63. The Apex Court in the case of General Radio v. M.A. Khader (supra) held that a transfer pursuant to an order under Section 394 of the Companies Act is not involuntary in nature. In the case of Indian Steel and Wire Products Ltd. v. State of Tamil Nadu, it was held "so long as mutual assent is not completely excluded in any dealing in law it is a contract". I have demonstrated above that the entire edifice culminating in an order under Section 394 of the Companies Act is based on agreement. Therefore, the submission of Mr. Deb cannot be accepted.

64. The second submission of Mr. Deb does not in any way affect the answer to the question posed before us.
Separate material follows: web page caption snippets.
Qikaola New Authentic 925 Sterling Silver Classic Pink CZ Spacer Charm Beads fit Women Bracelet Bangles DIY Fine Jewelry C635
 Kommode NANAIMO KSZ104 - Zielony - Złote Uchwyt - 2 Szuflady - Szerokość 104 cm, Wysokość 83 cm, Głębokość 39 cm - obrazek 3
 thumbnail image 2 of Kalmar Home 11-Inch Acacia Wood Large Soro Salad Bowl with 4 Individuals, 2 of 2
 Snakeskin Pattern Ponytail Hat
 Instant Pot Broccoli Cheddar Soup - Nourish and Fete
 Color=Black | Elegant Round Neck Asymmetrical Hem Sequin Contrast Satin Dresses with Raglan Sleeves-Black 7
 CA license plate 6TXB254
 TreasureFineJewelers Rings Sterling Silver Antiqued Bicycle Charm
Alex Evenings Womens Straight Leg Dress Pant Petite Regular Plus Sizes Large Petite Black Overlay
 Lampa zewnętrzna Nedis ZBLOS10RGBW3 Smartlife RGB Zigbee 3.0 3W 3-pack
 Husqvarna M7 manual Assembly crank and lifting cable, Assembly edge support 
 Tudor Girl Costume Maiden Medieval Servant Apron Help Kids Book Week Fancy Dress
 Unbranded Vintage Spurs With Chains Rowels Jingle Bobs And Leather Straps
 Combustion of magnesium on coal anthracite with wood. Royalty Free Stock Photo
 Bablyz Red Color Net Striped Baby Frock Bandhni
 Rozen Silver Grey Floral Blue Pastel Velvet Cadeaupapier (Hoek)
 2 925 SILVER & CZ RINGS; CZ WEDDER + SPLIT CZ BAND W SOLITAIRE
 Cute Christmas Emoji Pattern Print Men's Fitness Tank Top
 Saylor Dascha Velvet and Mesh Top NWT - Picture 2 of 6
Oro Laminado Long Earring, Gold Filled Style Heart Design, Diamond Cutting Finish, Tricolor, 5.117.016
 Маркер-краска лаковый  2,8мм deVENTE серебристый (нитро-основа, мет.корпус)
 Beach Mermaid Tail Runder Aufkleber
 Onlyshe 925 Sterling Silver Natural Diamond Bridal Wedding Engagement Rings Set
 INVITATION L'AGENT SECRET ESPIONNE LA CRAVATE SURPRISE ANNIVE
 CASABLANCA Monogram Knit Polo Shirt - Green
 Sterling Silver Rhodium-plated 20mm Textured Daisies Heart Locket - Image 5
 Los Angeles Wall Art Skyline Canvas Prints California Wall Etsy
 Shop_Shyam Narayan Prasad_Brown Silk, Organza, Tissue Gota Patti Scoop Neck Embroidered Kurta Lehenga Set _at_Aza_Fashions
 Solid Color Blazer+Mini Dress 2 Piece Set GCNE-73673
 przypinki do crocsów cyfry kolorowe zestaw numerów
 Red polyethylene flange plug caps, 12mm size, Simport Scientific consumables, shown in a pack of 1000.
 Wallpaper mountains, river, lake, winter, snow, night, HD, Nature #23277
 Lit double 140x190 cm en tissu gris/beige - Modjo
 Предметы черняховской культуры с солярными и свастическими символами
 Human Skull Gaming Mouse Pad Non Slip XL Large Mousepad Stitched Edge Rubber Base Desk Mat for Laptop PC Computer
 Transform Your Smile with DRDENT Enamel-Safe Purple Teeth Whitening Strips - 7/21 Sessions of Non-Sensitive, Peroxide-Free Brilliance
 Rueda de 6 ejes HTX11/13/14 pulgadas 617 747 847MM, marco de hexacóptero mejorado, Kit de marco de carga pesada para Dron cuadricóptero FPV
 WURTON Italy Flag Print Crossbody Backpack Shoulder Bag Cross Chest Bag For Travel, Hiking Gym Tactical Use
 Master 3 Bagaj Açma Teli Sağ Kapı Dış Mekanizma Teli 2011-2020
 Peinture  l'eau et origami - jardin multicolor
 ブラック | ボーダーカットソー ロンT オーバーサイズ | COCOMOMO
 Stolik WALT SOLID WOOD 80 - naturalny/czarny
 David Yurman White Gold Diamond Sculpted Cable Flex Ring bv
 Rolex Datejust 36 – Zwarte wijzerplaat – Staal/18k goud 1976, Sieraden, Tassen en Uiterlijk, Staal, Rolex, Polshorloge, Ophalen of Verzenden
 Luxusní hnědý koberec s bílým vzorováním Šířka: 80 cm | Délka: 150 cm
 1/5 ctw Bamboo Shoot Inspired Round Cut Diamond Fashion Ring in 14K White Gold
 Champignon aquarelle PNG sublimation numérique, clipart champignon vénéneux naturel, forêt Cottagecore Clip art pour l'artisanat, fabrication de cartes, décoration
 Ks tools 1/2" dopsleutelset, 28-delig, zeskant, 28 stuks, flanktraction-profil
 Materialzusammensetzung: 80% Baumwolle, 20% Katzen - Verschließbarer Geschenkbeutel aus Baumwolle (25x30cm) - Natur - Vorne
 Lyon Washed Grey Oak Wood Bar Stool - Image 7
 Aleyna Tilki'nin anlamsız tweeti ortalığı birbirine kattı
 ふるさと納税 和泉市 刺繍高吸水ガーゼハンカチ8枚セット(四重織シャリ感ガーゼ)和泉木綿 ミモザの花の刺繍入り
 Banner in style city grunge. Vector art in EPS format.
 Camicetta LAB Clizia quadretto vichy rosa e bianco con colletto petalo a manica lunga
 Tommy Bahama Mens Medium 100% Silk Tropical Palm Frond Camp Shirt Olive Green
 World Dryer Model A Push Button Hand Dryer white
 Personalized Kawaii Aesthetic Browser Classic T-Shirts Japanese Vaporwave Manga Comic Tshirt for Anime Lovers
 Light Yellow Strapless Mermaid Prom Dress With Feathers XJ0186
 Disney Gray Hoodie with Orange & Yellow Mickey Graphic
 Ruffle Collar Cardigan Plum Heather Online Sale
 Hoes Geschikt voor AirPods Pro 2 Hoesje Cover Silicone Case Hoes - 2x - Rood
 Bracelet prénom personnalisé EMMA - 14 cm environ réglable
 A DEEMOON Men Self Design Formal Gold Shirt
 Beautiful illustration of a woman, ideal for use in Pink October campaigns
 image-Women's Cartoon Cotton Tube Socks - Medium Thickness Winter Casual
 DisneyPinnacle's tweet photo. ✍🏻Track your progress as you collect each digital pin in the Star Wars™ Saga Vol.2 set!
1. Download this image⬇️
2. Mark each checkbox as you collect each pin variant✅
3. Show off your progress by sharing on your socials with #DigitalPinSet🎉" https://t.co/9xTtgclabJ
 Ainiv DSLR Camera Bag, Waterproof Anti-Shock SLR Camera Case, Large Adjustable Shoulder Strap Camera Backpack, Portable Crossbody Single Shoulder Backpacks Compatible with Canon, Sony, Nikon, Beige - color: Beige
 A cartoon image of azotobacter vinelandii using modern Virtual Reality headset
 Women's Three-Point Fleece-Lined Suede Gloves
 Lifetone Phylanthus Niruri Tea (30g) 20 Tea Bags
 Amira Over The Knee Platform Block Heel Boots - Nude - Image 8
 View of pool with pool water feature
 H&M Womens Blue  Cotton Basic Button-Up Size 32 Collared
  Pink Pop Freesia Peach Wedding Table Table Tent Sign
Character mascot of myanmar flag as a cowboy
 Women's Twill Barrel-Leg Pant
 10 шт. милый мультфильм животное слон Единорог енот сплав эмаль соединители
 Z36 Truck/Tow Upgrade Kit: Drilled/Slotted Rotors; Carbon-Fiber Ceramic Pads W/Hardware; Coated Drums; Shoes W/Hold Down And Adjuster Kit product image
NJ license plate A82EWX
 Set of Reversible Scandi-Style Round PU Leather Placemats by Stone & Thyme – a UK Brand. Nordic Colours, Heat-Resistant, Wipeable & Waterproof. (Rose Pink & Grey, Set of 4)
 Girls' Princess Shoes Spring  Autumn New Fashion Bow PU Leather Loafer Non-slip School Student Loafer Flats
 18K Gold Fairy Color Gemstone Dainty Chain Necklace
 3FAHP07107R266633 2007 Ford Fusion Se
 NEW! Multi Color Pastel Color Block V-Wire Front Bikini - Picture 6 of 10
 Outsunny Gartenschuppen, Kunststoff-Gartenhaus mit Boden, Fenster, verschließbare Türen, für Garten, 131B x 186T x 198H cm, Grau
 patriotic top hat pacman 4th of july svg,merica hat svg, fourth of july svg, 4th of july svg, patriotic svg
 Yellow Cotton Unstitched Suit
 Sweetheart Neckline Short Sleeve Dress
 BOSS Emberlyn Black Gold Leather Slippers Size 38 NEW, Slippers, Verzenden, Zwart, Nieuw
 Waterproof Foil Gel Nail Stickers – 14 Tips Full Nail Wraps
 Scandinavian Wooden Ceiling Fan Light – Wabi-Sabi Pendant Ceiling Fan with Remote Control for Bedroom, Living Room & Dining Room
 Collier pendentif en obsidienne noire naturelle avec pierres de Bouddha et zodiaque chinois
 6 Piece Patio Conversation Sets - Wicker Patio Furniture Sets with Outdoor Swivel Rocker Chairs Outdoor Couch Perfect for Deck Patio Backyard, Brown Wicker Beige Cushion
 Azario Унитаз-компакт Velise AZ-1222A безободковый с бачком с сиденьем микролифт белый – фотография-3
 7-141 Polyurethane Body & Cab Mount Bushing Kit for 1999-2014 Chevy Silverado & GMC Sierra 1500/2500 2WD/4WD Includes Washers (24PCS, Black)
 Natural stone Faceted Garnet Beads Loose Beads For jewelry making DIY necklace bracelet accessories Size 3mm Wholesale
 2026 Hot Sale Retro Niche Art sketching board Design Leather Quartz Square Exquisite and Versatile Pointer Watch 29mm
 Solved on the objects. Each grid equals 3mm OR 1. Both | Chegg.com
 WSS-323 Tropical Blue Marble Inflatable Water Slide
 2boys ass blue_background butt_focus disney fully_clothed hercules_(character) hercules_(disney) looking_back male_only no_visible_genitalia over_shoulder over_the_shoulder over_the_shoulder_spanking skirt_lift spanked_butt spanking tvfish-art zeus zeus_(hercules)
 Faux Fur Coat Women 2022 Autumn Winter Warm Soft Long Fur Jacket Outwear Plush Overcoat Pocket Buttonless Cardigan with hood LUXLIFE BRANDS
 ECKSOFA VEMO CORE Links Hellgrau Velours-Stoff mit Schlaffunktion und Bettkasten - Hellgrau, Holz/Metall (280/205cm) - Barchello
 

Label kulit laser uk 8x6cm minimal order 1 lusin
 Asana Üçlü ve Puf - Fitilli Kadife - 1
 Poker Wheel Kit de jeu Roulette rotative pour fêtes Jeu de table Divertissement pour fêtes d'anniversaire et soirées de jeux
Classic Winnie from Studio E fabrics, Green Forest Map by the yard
65. The fifth submission of Mr. Deb is correct. I can only add that a scheme is the stepping stone for an ultimate order under Section 394 of the Companies Act.

66. Mr. Ratnanka Banerjee learned advocate submitted that the transfer in such a case is not of the rights alone but is also a transfer of liability. He submitted that there is no specific provision in the Stamp Act contemplating such a situation whereas Legislature of Maharashtra had made necessary amendments in the Stamp Act in order to take in its fold an order passed under Section 394 of the Companies Act. The sum and substances of the submission was that the Stamp Act as applicable to the State does not provide that an order under Section 394 of the Companies Act sanctioning a scheme is liable to stamp duty. Therefore, this Court should refrain from holding so. This submission of Mr. Banerjee has been reiterated by Mr. Mukherjee and has been duly dealt with by me hereinabove. Therefore, I refrain from giving my reasons over again for rejecting this contention. Mr. Banerjee cited 50 Comp. Cases 95. This judgment, in my view, is no authority for the proposition advanced by him.

67. I have not dealt with submissions made by the learned Advocate General separately because his submissions are reflected in the entire reasoning given by me.

68. Considering the view that I have taken I hold that an order sanctioning a scheme of reconstruction amalgamation under Section 394 is covered by the definition of the words 'conveyance' and 'instrument' under the Indian Stamp Act and therefore liable to stamp duty. I therefore direct that the Registrar of Companies shall not take on record an order sanctioning a scheme until the same has been duly stamped. The department of this Court is directed to engross the final order sanctioning a scheme under Section 394 of the Companies Act on an appropriate stamp paper and thereafter the order should be placed for final signature. No copy of the order should be issued without complying with the aforesaid direction. However, remission of stamp duty shall be available in the case of a transfer envisaged under the notification N. 1 dated 16-1-1937. The cases covered by the said notification shall therefore form an exception to the aforesaid direction issued to the Registrar of Companies as well as the department of this Court. Let a copy of this judgment be forwarded to the Registrar of Companies by the Registrar, Original Side of this Court.